Figure 2. PCA on HPLC traits (a, b) and NIR spectra (c). (a) Projection of berries on the first PC plan with a color by the developmental stage. The x-axis represents PC1 while the y-axis represents PC2. The HPLC traits corresponded to the concentration of glucose, fructose, malic acid, tartaric acid, and shikimic acid, measured from frozen berries by HPLC, as well as the berry mass, the sum of glucose and fructose (G+F or sugars = sum_GF) and glucose-to-fructose ratio (G/F = ratio_GF). (b) Contribution of each HPLC trait to the first PC plan, with a color scale indicating the contribution. (c) The spectra were preprocessed using the 2nd derivative (“der2”), presenting the best representation of the structure of the spectral data. As the spectra contain much more information than the more focused HPLC data, it is normal for the PCA to be noisier.
3.3. Classification model evaluation
PLSDA was applied to predict the developmental stage of the berries. The best model within the cross-validation corresponded to the “imp” pretreatment. This model used 9 latent variables and had an average accuracy of 89.7% in the training set. It was then applied to the validation set for the prediction of expert annotated stages. The model correctly predicted all 20 “G” annotations, reaching 100% accuracy for this class. The model also performed very well with the “R” class, correctly predicting 137 out of 139 observations (98.6% accuracy for this class).

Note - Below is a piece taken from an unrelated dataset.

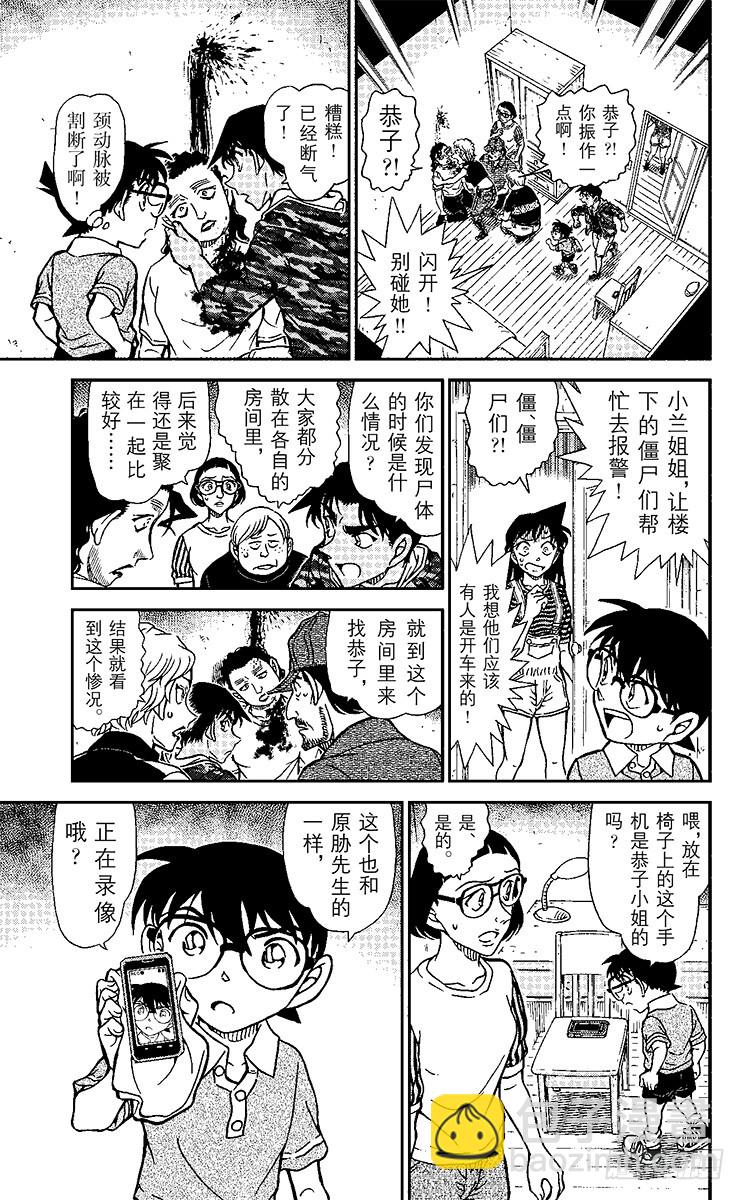 FILE.7 吃人的僵尸12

This PLSDA model is highly effective in classifying berries before or after veraison, as evidenced by a global prediction rate of 98.2%. Of the 6 “NA” observations from the validation set, the model predicted 5 as “G” and 1 as “R”.

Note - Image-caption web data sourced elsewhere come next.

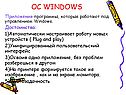 Ос windows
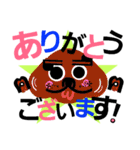 ☆greeting stamps vol.2☆（個別スタンプ：14）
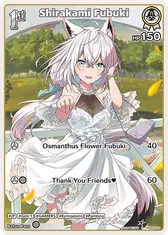 Shirakami Fubuki (S) (hBP02-010)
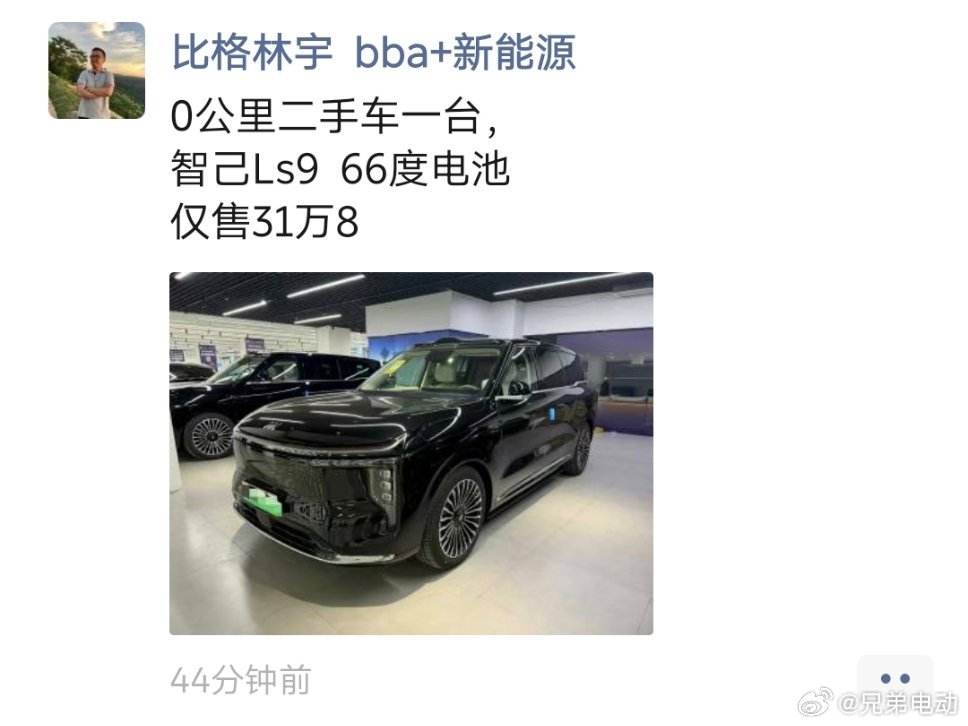 朋友圈车商又开始有0公里新车了，大6座赛道也不容易。比格林总是我们常州优秀的新能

3.4. Berries’ composition prediction
3.4.1. Models performances in the training set
The quality of the PLSR models depended on the trait (Table 1 and Supplementary Figure S2). The best models were obtained for glucose and fructose, with cross-validation R 2 values of 0.82 and 0.76, respectively, and RMSEcv values of 108 and 123 mM. For glucose, fructose, and shikimic acid, the best pretreatment was SNV, with a centered but non-scaled version for glucose. For total sugars (G+F), the best pretreatment was the second derivative (der2). As expected, the RMSEcv of this model was almost twice as high (255 mM) as the one for glucose and fructose alone. The corresponding model had a R 2 cv of 0.74. Malic acid had an R 2 cv of 0.66 but a fairly high RMSEcv value (85 mEq/L). The best model was for spectra without pretreatment, demonstrating that the raw spectra were sufficiently informative for this trait. The calibration model for berry weight also showed reasonable performance, with an R 2 cv of 0.62 and an RMSEcv of 0.3 g, and with the first derivative (der1) as the best pretreatment. However, for tartaric and shikimic acids, R 2 cv were respectively 0.34 and 0.48, and RMSEcv of 41.1 mEq/L and 479 μEq/L. While the glucose-to-fructose ratio (G/F) was predicted with reasonable accuracy, achieving an R 2 cv of 0.7 and an RMSEcv of 0.36, it seemed that a linear regression might not be the most appropriate approach for predicting this trait. Indeed, the corresponding plot indicated a curve that could be divided into two distinct linear segments (Supplementary Figure S2).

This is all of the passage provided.